## How to complete this task
Copy out the entire listing, keeping each line exactly as it is.

## Given data
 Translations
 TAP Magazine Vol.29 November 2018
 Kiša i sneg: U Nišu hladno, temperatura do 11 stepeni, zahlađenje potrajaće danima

## Response below
 Translations
 TAP Magazine Vol.29 November 2018
 Kiša i sneg: U Nišu hladno, temperatura do 11 stepeni, zahlađenje potrajaće danima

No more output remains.